Ver. 12. On the next day much people] The envious Pharisees feeding the while upon their own hearts. Israel never increased so fast as when Pharaoh most oppressed them. Plures efficimur quoties metimur, saith Tertullian.


Verse 13

13 Took branches of palm trees, and went forth to meet him, and cried, Hosanna: Blessed is the King of Israel that cometh in the name of the Lord.

Ver. 13. Took branches of palm trees] Plutarch writeth that the Babylonians make 360 benefits of the palm tree, and therefore do highly honour it. Pintus upon Daniel telleth us, that the palm tree will not grow in a rich ground, but in a light and sandy; and if the soil be rich and fertile, they must cast salt and ashes at the root, to diminish the strength of the ground. Sure it is, that if prosperity be not seasoned with the salt of grace it will be unfruitful and unprofitable.

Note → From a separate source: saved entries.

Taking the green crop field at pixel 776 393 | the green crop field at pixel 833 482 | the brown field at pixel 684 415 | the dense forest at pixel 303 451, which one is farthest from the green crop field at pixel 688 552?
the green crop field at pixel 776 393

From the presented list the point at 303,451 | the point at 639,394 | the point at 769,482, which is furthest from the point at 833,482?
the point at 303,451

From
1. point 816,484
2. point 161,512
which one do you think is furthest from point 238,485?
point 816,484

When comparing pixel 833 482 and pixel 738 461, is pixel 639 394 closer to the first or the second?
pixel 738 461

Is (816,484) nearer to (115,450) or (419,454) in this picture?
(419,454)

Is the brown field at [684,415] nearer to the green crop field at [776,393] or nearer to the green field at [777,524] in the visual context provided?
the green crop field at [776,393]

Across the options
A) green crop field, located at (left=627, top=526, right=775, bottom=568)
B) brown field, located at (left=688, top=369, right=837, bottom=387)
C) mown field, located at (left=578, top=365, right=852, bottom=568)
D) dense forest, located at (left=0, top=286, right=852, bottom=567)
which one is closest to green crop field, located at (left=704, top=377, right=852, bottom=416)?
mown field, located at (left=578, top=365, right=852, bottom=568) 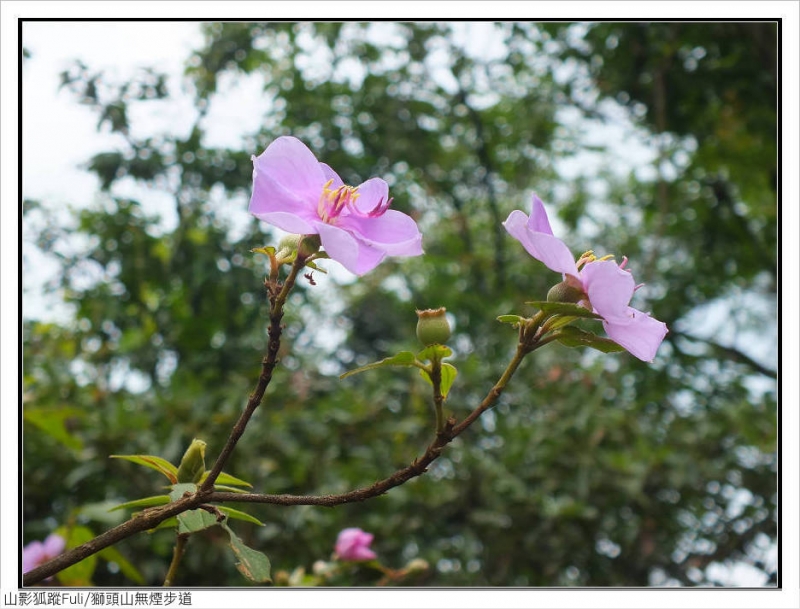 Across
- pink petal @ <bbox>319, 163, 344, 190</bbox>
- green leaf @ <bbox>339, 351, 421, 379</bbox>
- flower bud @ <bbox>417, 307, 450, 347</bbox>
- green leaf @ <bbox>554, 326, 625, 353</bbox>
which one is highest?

Hosanna, Blessed is the King, &c.] This shows they were well seen in David’s psalms, which are, saith Chrysostom, a rich storehouse of all good doctrines: ταντων αγαθων διδαγματων ταμιειον. And they are so penned, saith Athanasius, that every man may think they speak de se, in re sun, of himself, and for his particular purpose; which of other parts of Scripture cannot be affirmed.


Verse 14

14 And Jesus, when he had found a young ass, sat thereon; as it is written,

Ver. 14. When he had found a young ass] To make religion dance attendance upon policy (saith one) is to set the ass upon Christ, and not Christ upon the ass. These three things, saith Luther, will be the ruin of religion, unthankfulness, security, and carnal policy. Sapientia mundi, quae vult omnia, redigere in ordinem. (Melch. Adam.)


Verse 15

15 Fear not, daughter of Sion: behold, thy King cometh, sitting on an ass’s colt.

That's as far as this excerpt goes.